TRY IT
Transcribe every record as it stands and set the images aside.

Stored data entries:
:::

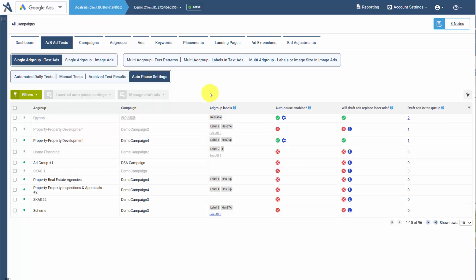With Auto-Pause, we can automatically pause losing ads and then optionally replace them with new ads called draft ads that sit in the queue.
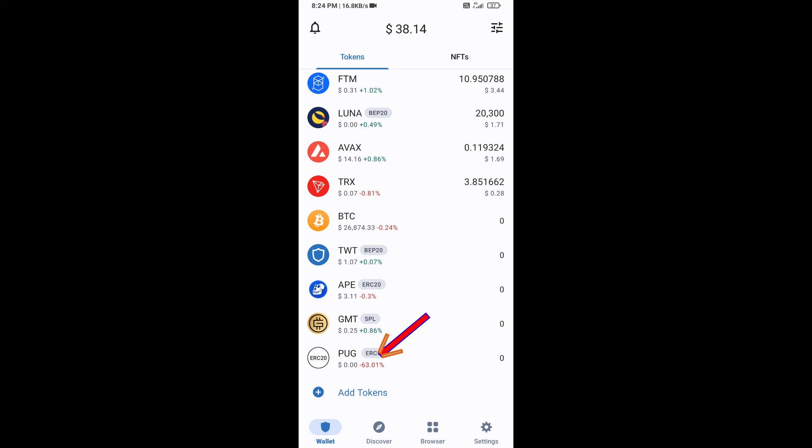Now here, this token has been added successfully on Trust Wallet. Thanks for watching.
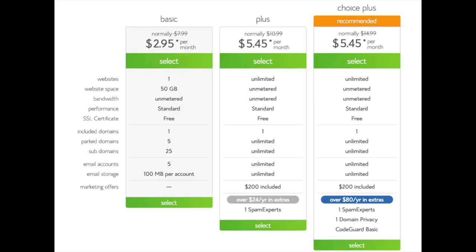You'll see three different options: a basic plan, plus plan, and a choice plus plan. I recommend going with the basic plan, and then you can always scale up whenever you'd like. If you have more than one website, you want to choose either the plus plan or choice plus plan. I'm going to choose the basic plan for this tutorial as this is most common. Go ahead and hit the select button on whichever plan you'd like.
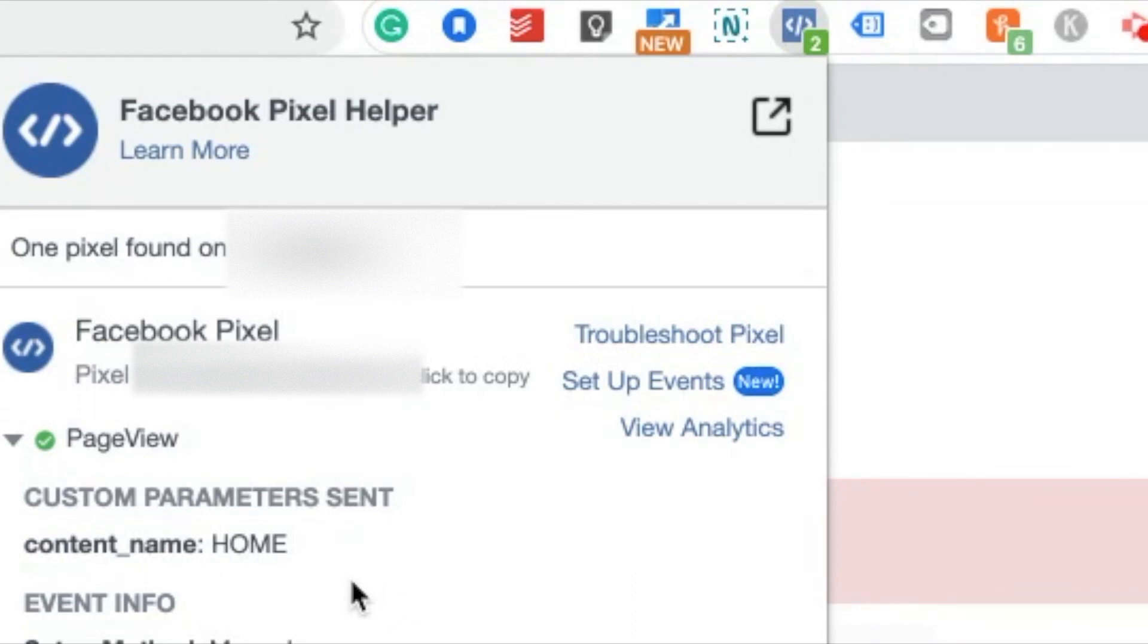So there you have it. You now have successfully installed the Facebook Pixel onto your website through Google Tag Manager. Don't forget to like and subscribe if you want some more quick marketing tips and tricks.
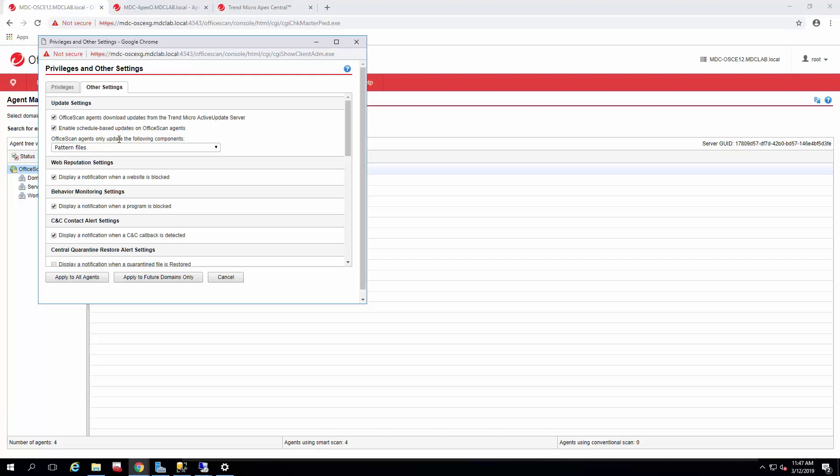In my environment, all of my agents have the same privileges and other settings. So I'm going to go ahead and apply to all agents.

:::

SOLUTION BELOW
With Auto-Pause, we can automatically pause losing ads and then optionally replace them with new ads called draft ads that sit in the queue.
Now here, this token has been added successfully on Trust Wallet. Thanks for watching.
You'll see three different options: a basic plan, plus plan, and a choice plus plan. I recommend going with the basic plan, and then you can always scale up whenever you'd like. If you have more than one website, you want to choose either the plus plan or choice plus plan. I'm going to choose the basic plan for this tutorial as this is most common. Go ahead and hit the select button on whichever plan you'd like.
So there you have it. You now have successfully installed the Facebook Pixel onto your website through Google Tag Manager. Don't forget to like and subscribe if you want some more quick marketing tips and tricks.
In my environment, all of my agents have the same privileges and other settings. So I'm going to go ahead and apply to all agents.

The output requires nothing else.